Edison will charge EV batteries up to 80 percent of capacity in as little as 10 minutes, which equates to about 50 kWh or 150 to 200 miles for most EVs


From a consumer’s standpoint, the focus is on the cost savings and charging speed and convenience. Consumers benefit from Edison’s ability to keep charging costs down by utilizing overnight grid recharges, stable power from renewable sources, and strategic energy management, which reduces peak demand costs. This translates to affordable and consistent pricing at charging stations, minimizing “charge anxiety” and providing a seamless experience. For shareholders, the value lies in the operational efficiency and profitability of Edison’s approach. The energy arbitrage model along with self-generated solar power, enables Edison to optimize the timing of power usage, resulting in higher gross margins, stronger financial returns and a sustainable business model.
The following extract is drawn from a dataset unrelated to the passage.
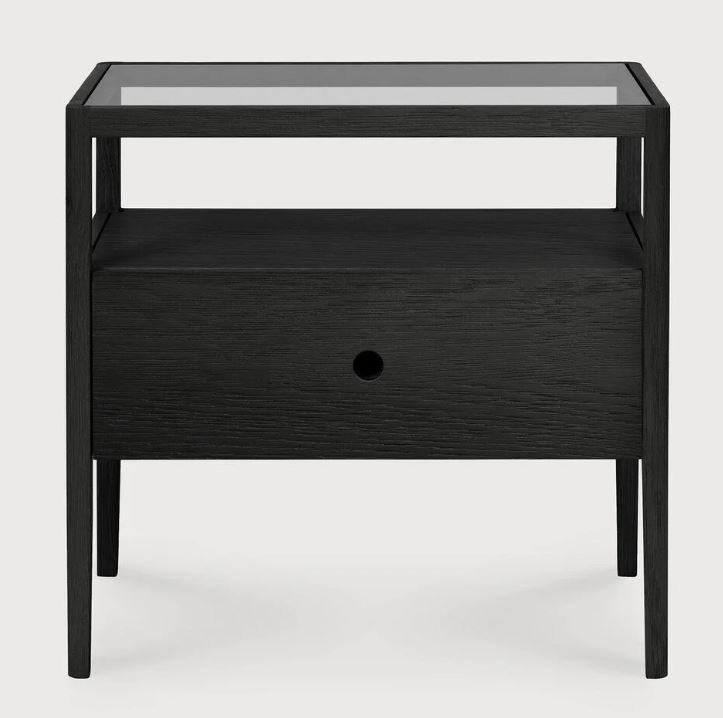  black nightstand with glass top 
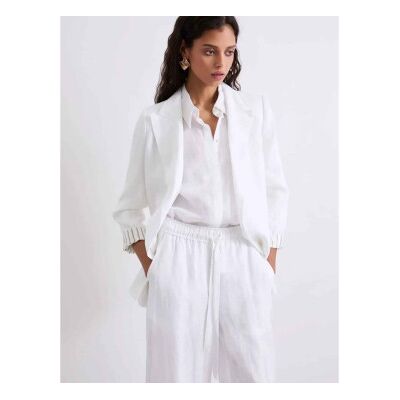 Marella für Damen. 2613041074200 Blazer aus reinem Leinen Mlssauna weiß (38), Lässig Marella für Damen. 2613041074200 Blazer aus reinem Leinen Mlssauna weiß (38), Lässig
Finally, Edison’s fully DC-coupled solution also decouples EV charging from the utility peak rate structures, thereby significantly reducing the burden that anticipated growth of EVs will have upon the utility grid which is already at limits in most areas of the country. This sustainability effort is especially crucial given the ever-increasing demand for electricity with the emergence of an AI-driven economy that requires mega-scale data centers.